For months I have opined that Technology was as cheaply priced relative to the SPX as it has been in nearly 20 years. I have also been adamant on favoring energy stocks. The recent announcement by CNOOC (China National Offshore Oil Company) to purchase a ~33% interest in Chesapeake Energy’s (CHK/$21.20/Market Perform) Eagle Ford Shale project only reinforces my enthusiasm. The Industrial sector is interesting because those companies with strong balance sheets have the ability to refinance their debt at lower interest rates, and thus grow earnings, even if revenue growth remains muted. And as Peter Drucker noted, “Almost everybody today believes that nothing in economic history has ever moved as fast as, or had a greater impact than, the Information Revolution. But the Industrial Revolution moved at least as fast in the same time span, and had probably an equal impact, if not a greater one.”

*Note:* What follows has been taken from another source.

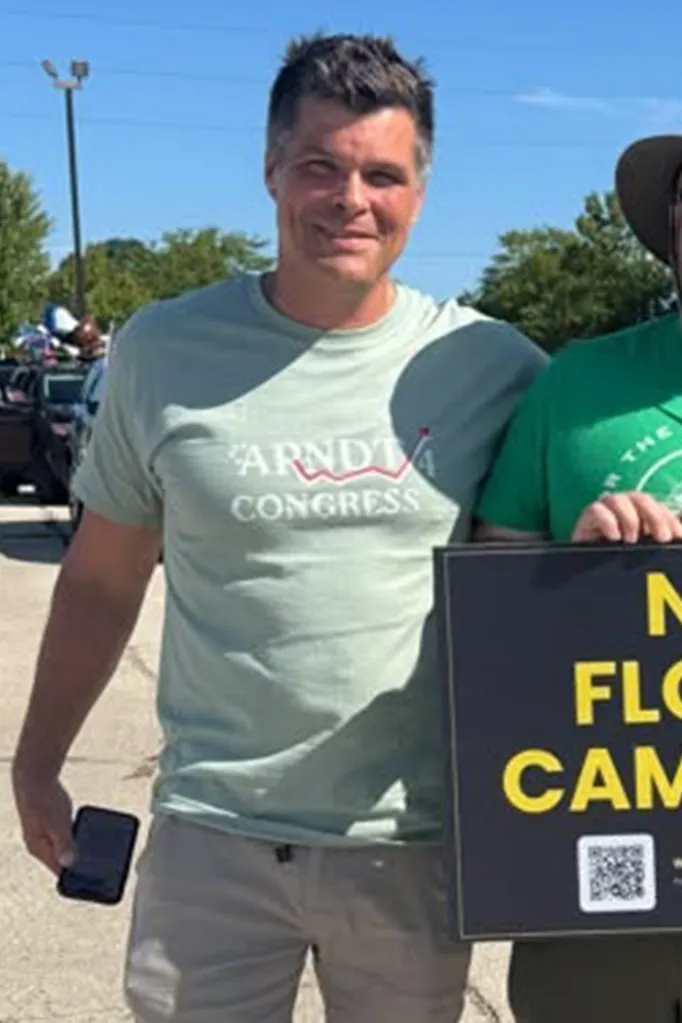 Matthew Arndt wearing a light green campaign t-shirt.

The call for this week: Eight of the S&P 500’s macro sectors are currently overbought. The two that are not, Financials and Telecom, are a neutral value by my pencil. Meanwhile, 88% of the SPX’s stocks are above their respective 50-day moving averages, leaving the index well overbought. Further, the SPX is at the top of its Bollinger Band, a chart configuration that occurred right before the January – February and the April – July declines of this year (see the nearby chart). Moreover, the D-J Industrial Average has traveled into formidable overhead resistance as it tested the April “highs” last week; and, today is session 37 in my day-count sequence without anything more than the perfunctory one- to three-day pause/pullback in the upside skein (read: pretty extended). Accordingly I am cautious, but not bearish, believing the equity markets are going to make some kind of trading top over the next few weeks. I also believe any pullback is a buying opportunity. Therefore, instead of randomly “buying” right here, I prefer to wait and see which stocks resist the envisioned decline. As for where to “park” cash, in addition to the often mentioned Putnam Diversified Income Trust (PDINX/$8.09), over the past few months I have had numerous fixed income PMs suggest that Bank Loans are the most undervalued “space” in the fixed income arena. Typically, Bank Loan maturities are five years or less, ameliorating much of the interest rate risk. Further, corporate cash flows are at all-time highs, suggesting the best credits out there are corporations. Drilling down into this strategy, I had lunch with a PM from Pioneer Funds recently (Ken Taubes) who agreed that Bank Loans are the place to be in fixed income. Unsurprisingly, the fund he recommended was the 4.8%-yielding Pioneer Floating Rate Fund (FLYRX/$6.87). Another such fund, for your consideration, was recently recommended by Raymond James’ mutual fund research department, namely Mainstay’s Floating Rate Fund (MXFAX/$9.40). I continue to invest, and trade, accordingly.